A Reddit hunter in r/Hunting described the kind of trespass problem that gets more aggravating the longer you stare at it. In the post, he said his family had just discovered a deer stand built on their private property, even though the land was clearly posted and included contact information. According to him, the setup was not only trespassing. It had been placed above existing stands his family already used, which he said made those established spots unsafe as long as the new stand remained there. He also made one thing clear right away: “This isn’t a mistake.”
That is what gives the story its edge. A lot of hunting disputes stay muddy because people argue over whether a line was marked well enough or whether someone drifted a little too close without realizing it. This one did not sound like that. The poster said the property line against the neighboring side was easy to mark and clearly posted the entire way, and he added that they already knew who was responsible. That changes the tone fast. It turns the question from “what happened here?” into “how do we handle somebody who knew better and did it anyway?”
The replies came back exactly how you would expect when a posted private-property stand shows up in a hunting forum. One of the top comments said flatly that if it is on your property without permission, you just rip it down. Another suggested taking it down but leaving a note on the tree saying the land was private and under surveillance. Others pushed harder and said the stand was basically a free one now, or that the owner should file a police report for trespassing and make it clear the stand would not be welcome back.
But what makes the thread feel more real than a simple revenge fantasy is that the original poster did not sound eager to go full scorched earth. He kept asking for a “legally responsible approach.” That matters. It suggests he was not only mad about the stand. He was thinking ahead to what happens after you touch another man’s gear, accuse a neighbor, or trigger the kind of back-and-forth that can turn one bad season into years of hostility. That is the part a lot of landowners understand immediately. Taking the stand down may feel easy. Living next to the guy you took it from can be a different problem.

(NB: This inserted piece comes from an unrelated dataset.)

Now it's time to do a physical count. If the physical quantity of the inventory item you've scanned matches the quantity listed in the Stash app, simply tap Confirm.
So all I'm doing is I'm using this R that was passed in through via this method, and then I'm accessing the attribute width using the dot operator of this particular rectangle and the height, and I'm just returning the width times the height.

The comment section reflects that split almost perfectly. Some people were all anger and no patience. One said he would dump the stand in the neighbor’s front yard. Another said a warning would not stop someone who was already comfortable trespassing in the first place. But other commenters pushed a calmer route: document everything, set up a trail camera, get clear proof of who is using the stand, and then involve law enforcement or a game warden if needed. One commenter specifically warned that a visible path toward a neighbor’s house “means nothing” compared with a photo clearly identifying the person with a firearm in hand.

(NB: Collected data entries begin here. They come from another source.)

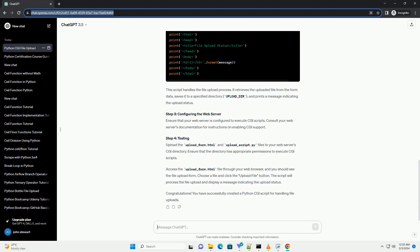Step 2: Creating the Python CGI script. Now, let's create the Python CGI script to handle the file upload. Create a new Python file named upload-script.py.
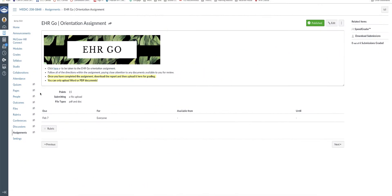Hey everyone, it is Professor Li. I'm going to walk you through how to complete this EHR GO orientation assignment.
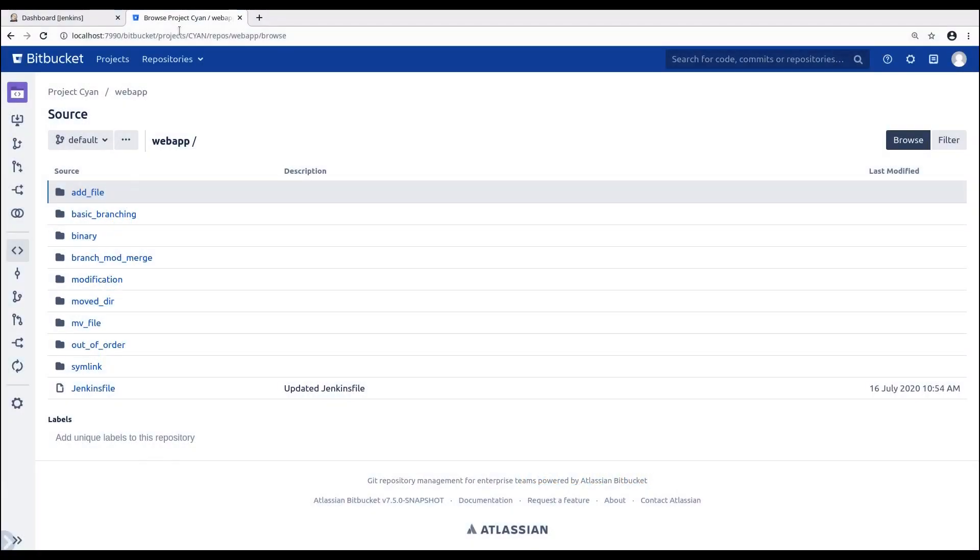Now in today's video, we're going to be creating a multi-branch pipeline. We'll be using this repository, which already includes a few branches and a Jenkins file with our checkout step.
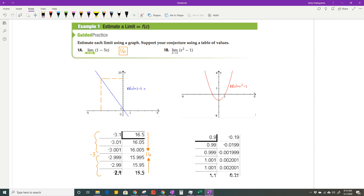Here's another graph. I put into the calculator y equals x squared minus 1, looking at it from x equal to 1. The x values from the left of 1 and from the right of 1 are both getting closer and closer to 0. So the limit as x approaches 1 of x squared minus 1 is 0.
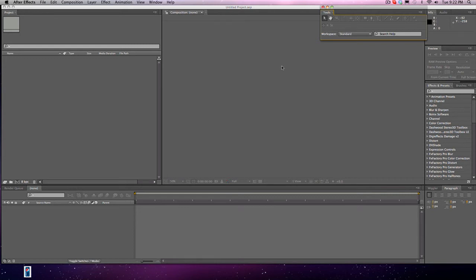What is up guys, this is Do here and I am bringing you my very first After Effects tutorial for beginners. I got my coke, I got my timer, and I think I'm all set and I hope you guys are too.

That is probably why the thread struck a nerve. It hits a problem hunters argue about constantly but almost never solve the same way. On one hand, it is your land. Your signs are posted. The stand should not be there. On the other hand, a lot of people know that if you handle a trespass issue badly, you may win the moment and still lose the peace. Once a neighbor feels humiliated or challenged, bad blood can outlive the stand itself. That is why even some of the angrier comments still circled back to cameras, proof, and a clean legal trail. They wanted the trespasser handled, but they also knew a landowner is better off with evidence than pure outrage.
The post also picked up a side conversation that made the bigger issue even clearer. One commenter told a story about taking down a stand on family land after someone kept placing it there without asking, then storing it safely in a barn and telling the owner he could come get it. That kind of reply mattered because it showed how common this really is. Hunters were not reacting like the poster had uncovered some bizarre once-in-a-lifetime insult. They were reacting like they had either been through it themselves or already had a plan in mind for the day it happened.
What makes a story like this click is that it is not only about a stand. It is about the moment a landowner has to decide whether he is going to treat somebody else’s trespass setup as abandoned junk, evidence in a bigger problem, or the first move in a fight he would rather avoid. Once the stand is there, the hunt is already secondary. The real question becomes how much patience you owe someone who ignored your signs, built where they had no right to build, and made your own stands less safe in the process.
And that is really why the post lands. It starts with a deer stand where it should not be and very quickly becomes a story about restraint. The easy answer is to rip it down. The harder part is deciding how to do that without starting something bigger than the stand itself. For a lot of landowners, that is the part that keeps eating at them long after they first see the ladder leaning against the wrong tree.